In the copy, include exactly the lines from the one with "Frau beim Flirten" through the end of the data and no others, both ends kept, with every picture left out.

====== DATA TO USE ======

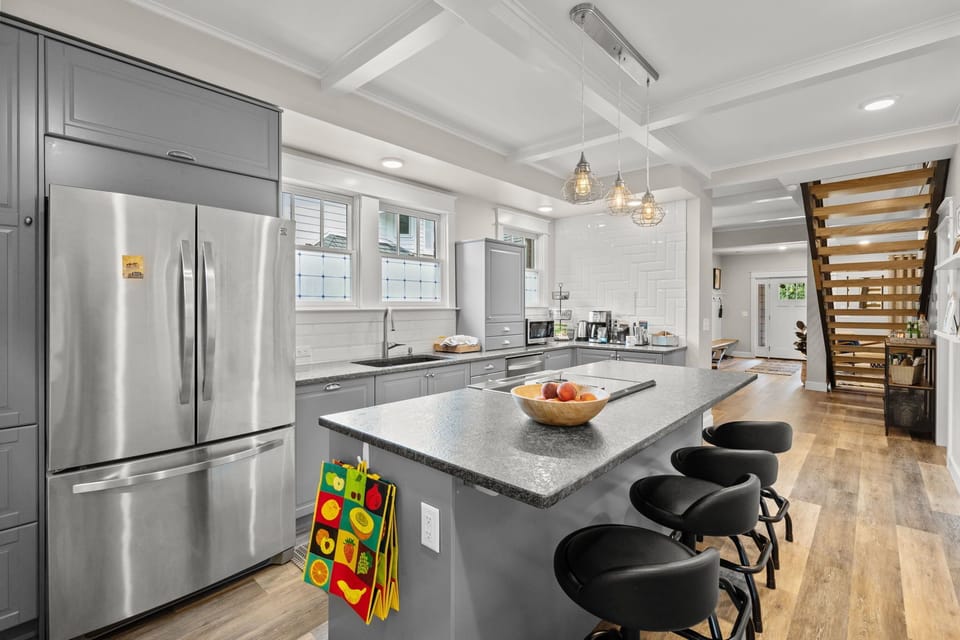 Kitchen— features extra-large French door fridge with filtered ice maker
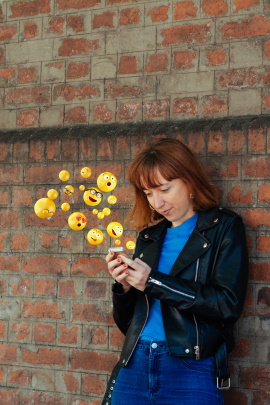 Frau beim Flirten am Handy bekommt viele Smileys geschickt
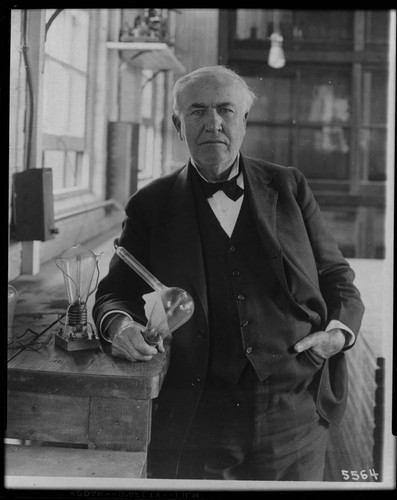 Thomas A. Edison in his workshop with light bulbs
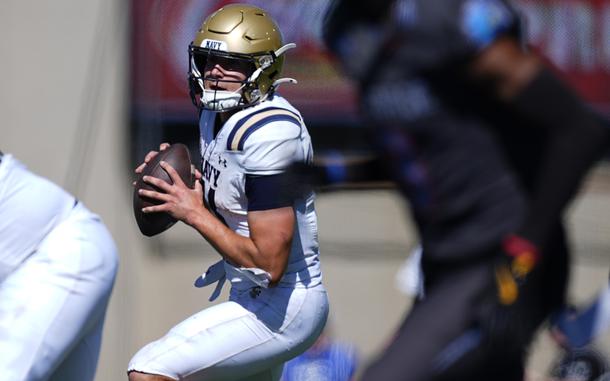 Navy quarterback Blake Horvath drops back to pass the ball in the second half of an NCAA college football game against Air Force Saturday, Oct. 5, 2024, at Air Force Academy, Colo.(AP Photo/David Zalubowski)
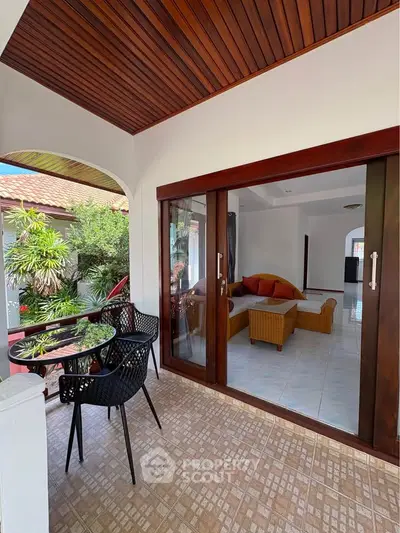 Charming patio with cozy seating and garden view, perfect for relaxation and entertaining guests.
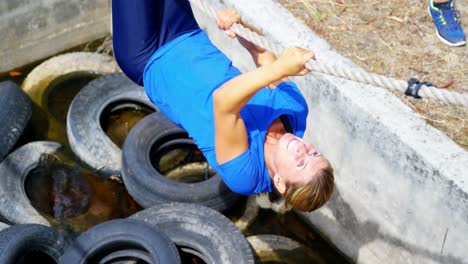 mujer cruzando la cuerda durante el curso de obstáculos 4k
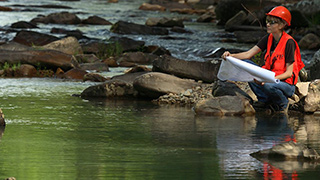 Link to Water Use section of Data and GRI Index page, with image of person in hardhat and orange vest looking at waterway and examining data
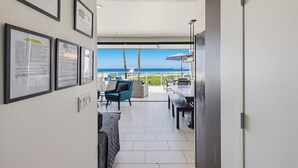 A modern hotel room with a balcony, framed certificates on the wall, and a view of the sea. - Ocean Park 05 (San Diego)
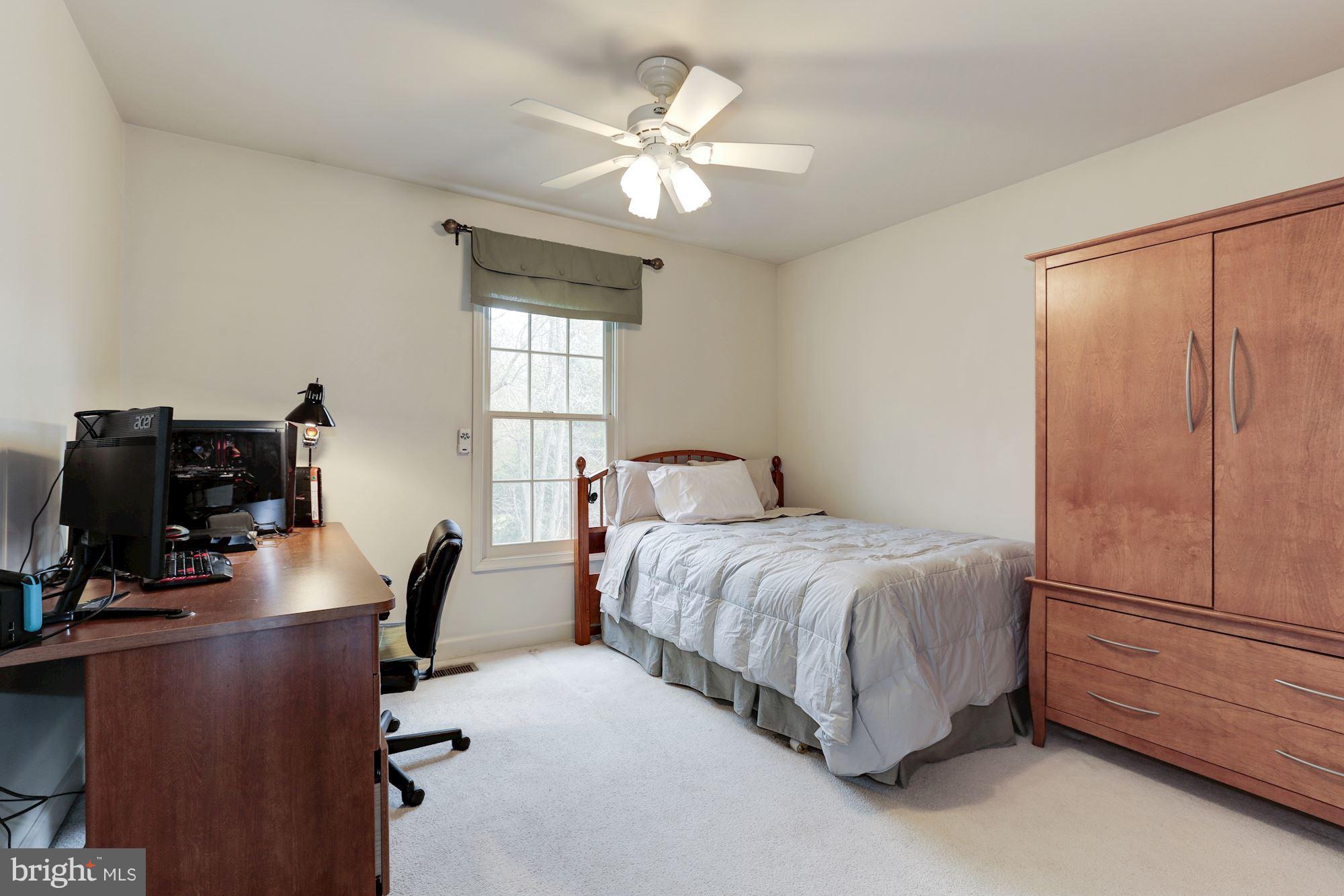 6402 Springhouse Circle Clifton, VA 20124 - Photo 26 of 30 a bedroom with a bed and a chandelier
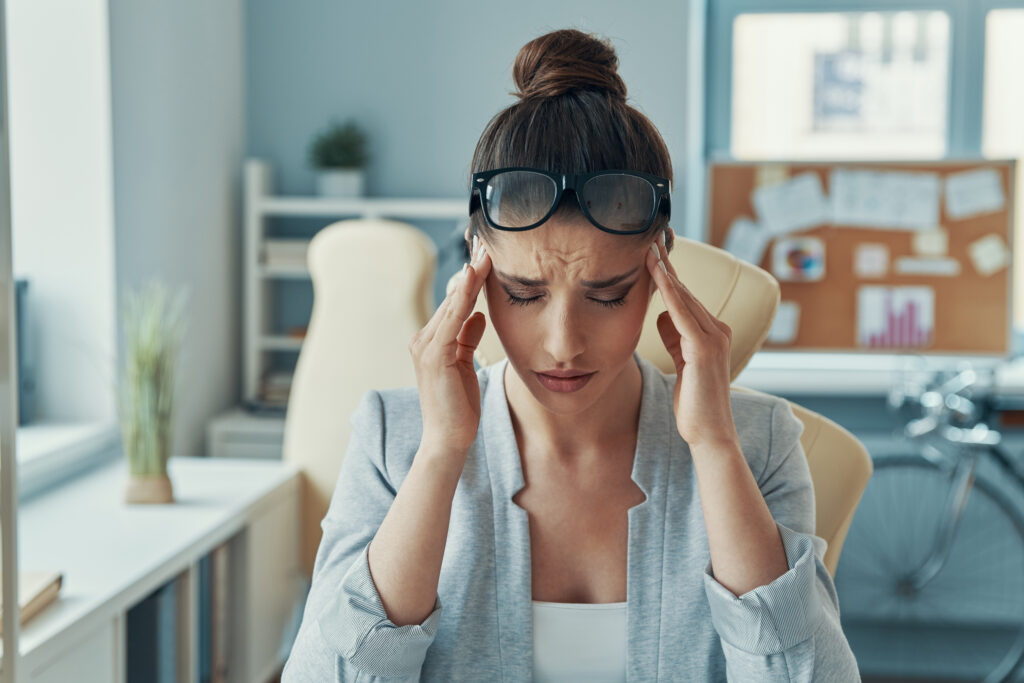 Stressed young woman in smart casual wear keeping head in hands while sitting in the office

======

_EXERCISE RESPONSE_:
 Frau beim Flirten am Handy bekommt viele Smileys geschickt
 Thomas A. Edison in his workshop with light bulbs
 Navy quarterback Blake Horvath drops back to pass the ball in the second half of an NCAA college football game against Air Force Saturday, Oct. 5, 2024, at Air Force Academy, Colo.(AP Photo/David Zalubowski)
 Charming patio with cozy seating and garden view, perfect for relaxation and entertaining guests.
 mujer cruzando la cuerda durante el curso de obstáculos 4k
 Link to Water Use section of Data and GRI Index page, with image of person in hardhat and orange vest looking at waterway and examining data
 A modern hotel room with a balcony, framed certificates on the wall, and a view of the sea. - Ocean Park 05 (San Diego)
 6402 Springhouse Circle Clifton, VA 20124 - Photo 26 of 30 a bedroom with a bed and a chandelier
 Stressed young woman in smart casual wear keeping head in hands while sitting in the office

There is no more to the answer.